**DATASET**
*****

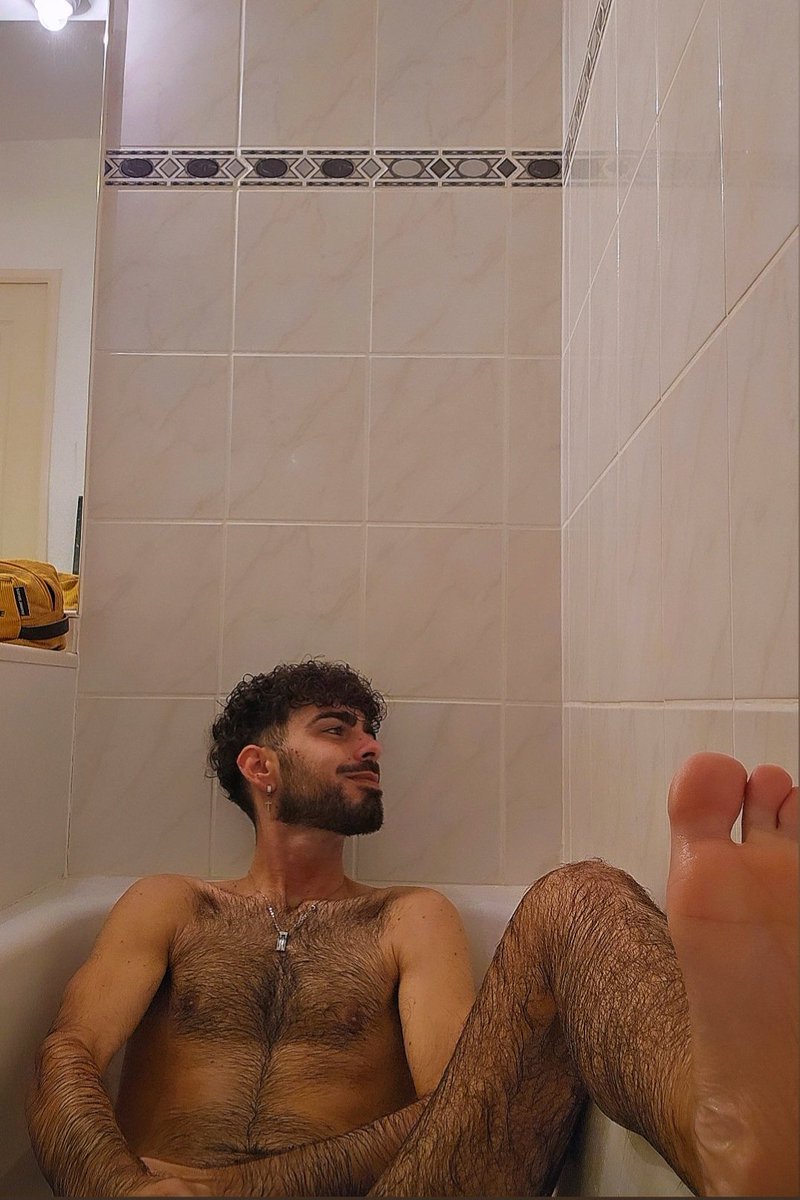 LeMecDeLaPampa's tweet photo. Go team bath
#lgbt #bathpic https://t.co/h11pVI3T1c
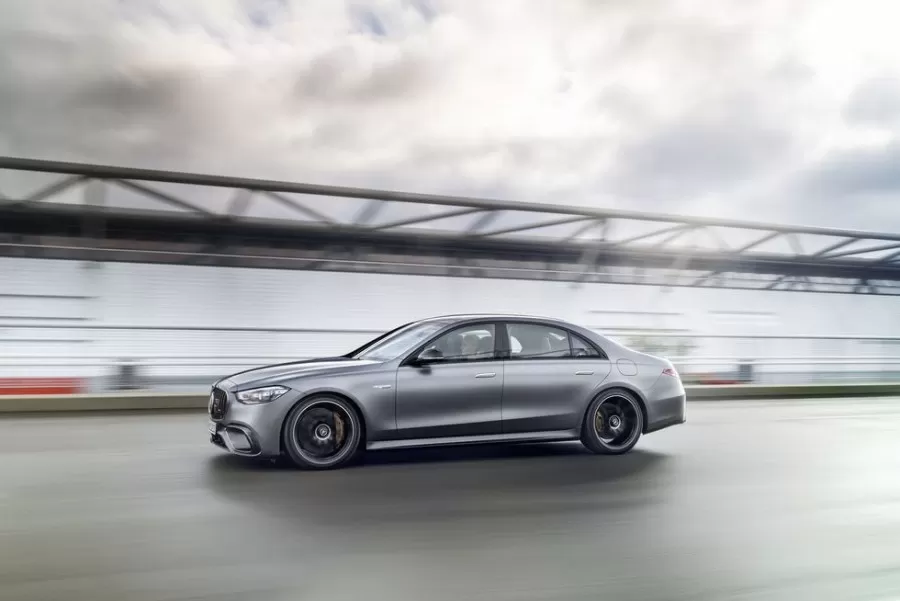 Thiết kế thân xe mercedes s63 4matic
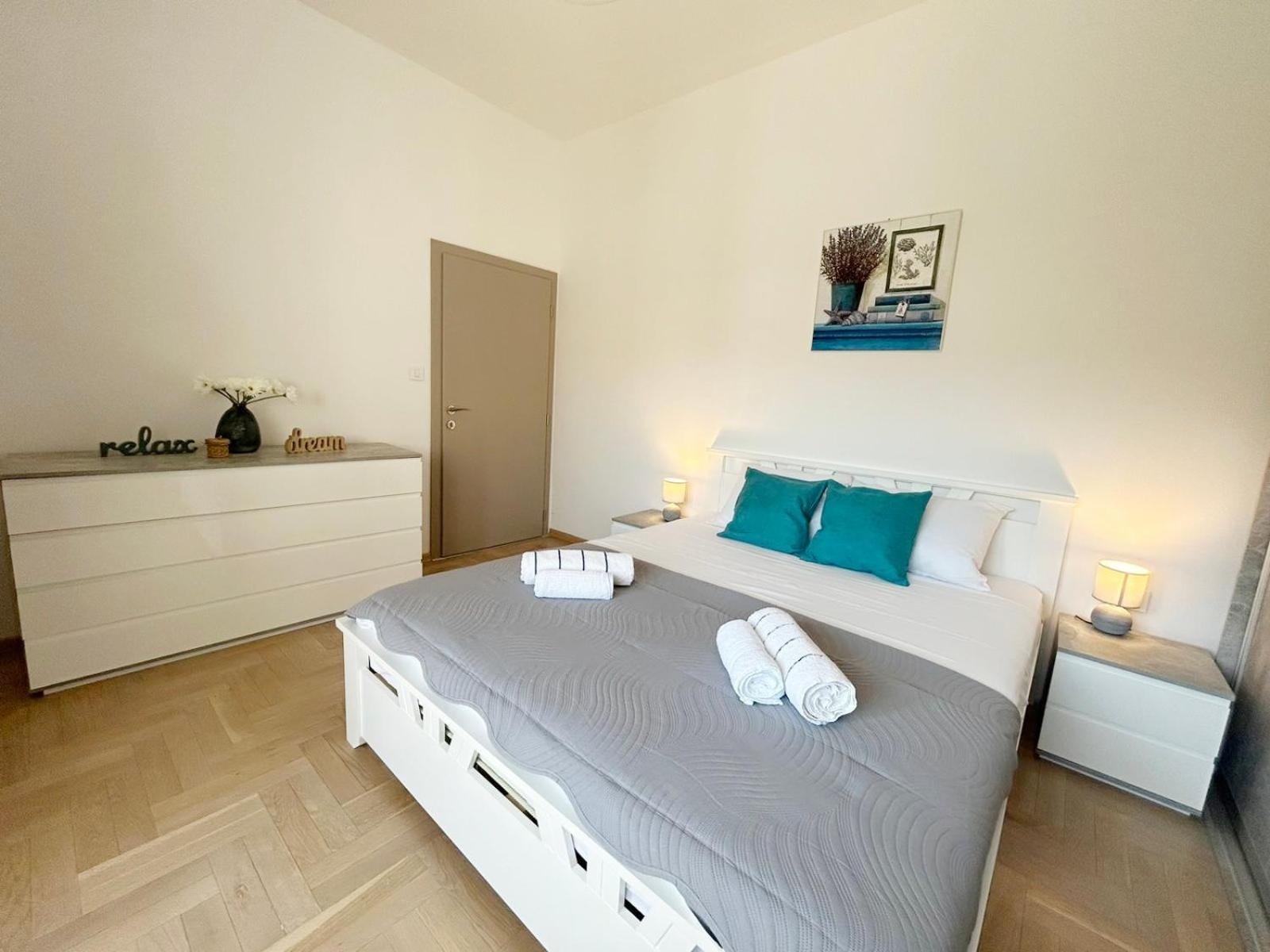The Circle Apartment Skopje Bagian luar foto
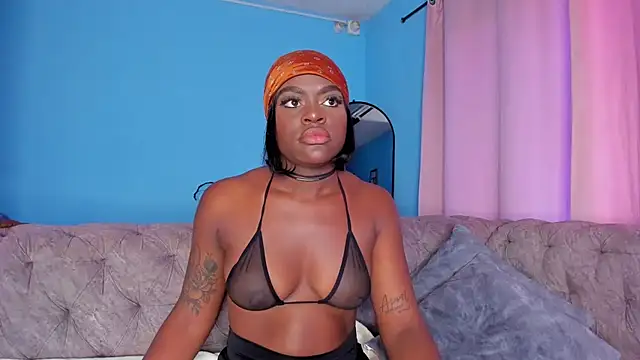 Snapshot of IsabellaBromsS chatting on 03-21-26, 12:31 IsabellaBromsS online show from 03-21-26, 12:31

*****

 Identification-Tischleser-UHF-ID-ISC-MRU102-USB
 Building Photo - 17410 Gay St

*****

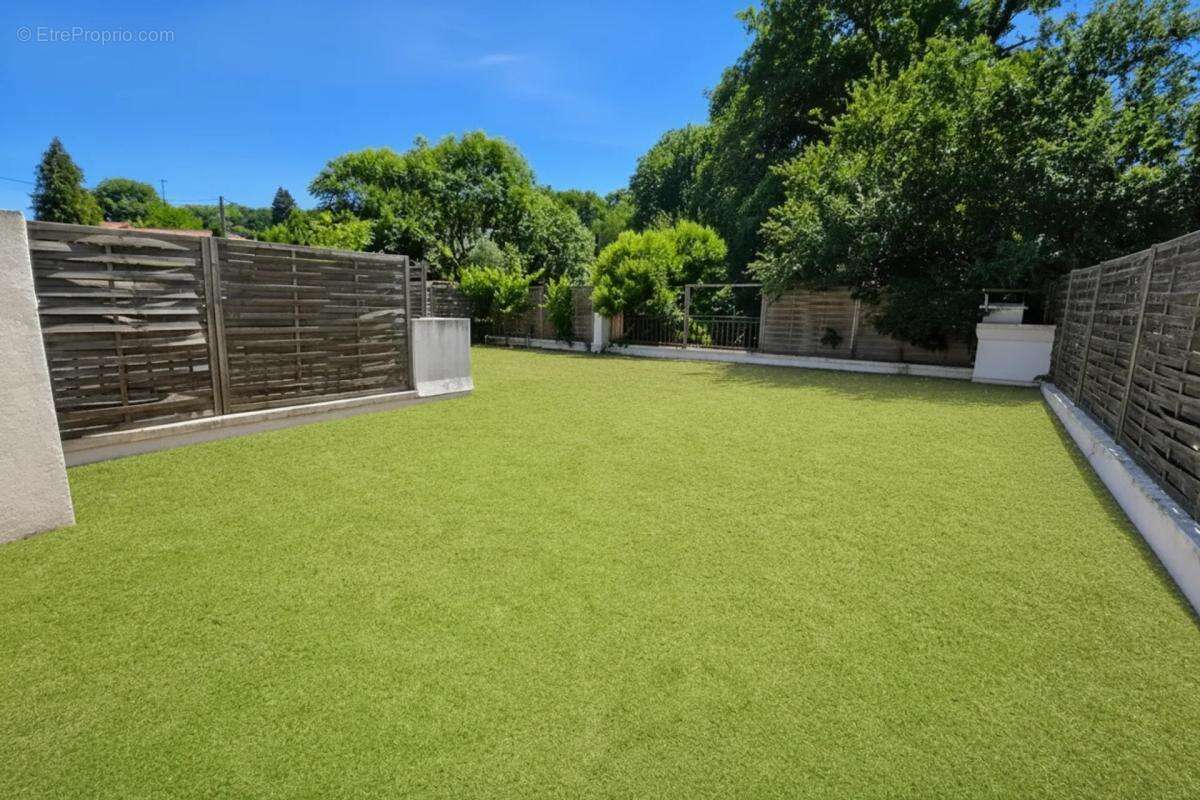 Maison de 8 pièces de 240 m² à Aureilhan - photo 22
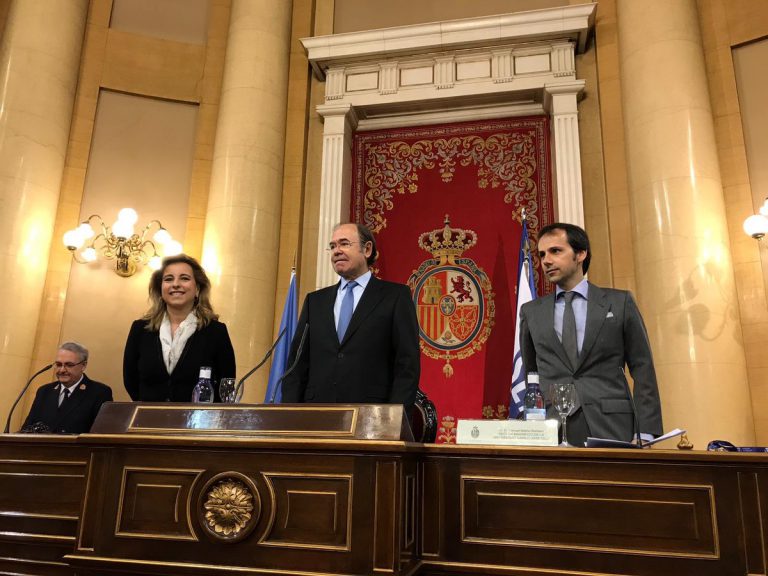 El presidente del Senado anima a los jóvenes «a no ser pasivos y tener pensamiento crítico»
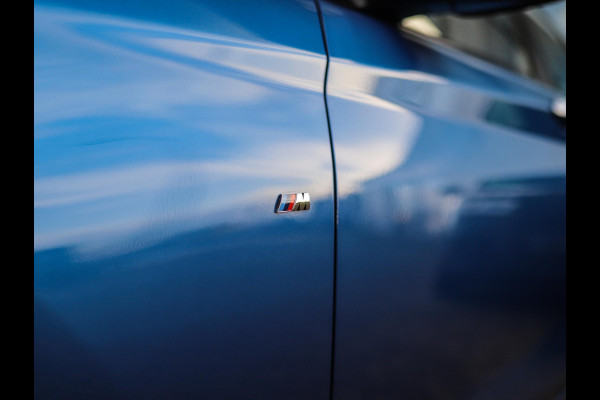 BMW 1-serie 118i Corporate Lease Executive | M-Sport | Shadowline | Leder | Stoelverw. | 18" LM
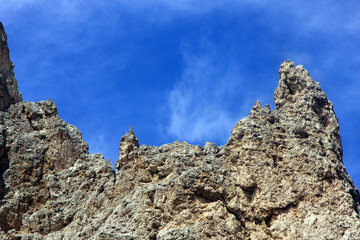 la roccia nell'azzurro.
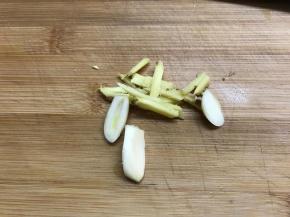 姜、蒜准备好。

*****

**WORK INSTRUCTION**
Starting at the line containing "LeMecDeLaPampa's tweet photo. Go team bath" and stopping at the line containing "Snapshot of IsabellaBromsS", output each line exactly as it appears above. Leave out the pictures.

**ANSWER TO THE PROBLEM**
 LeMecDeLaPampa's tweet photo. Go team bath
#lgbt #bathpic https://t.co/h11pVI3T1c
 Thiết kế thân xe mercedes s63 4matic
The Circle Apartment Skopje Bagian luar foto
 Snapshot of IsabellaBromsS chatting on 03-21-26, 12:31 IsabellaBromsS online show from 03-21-26, 12:31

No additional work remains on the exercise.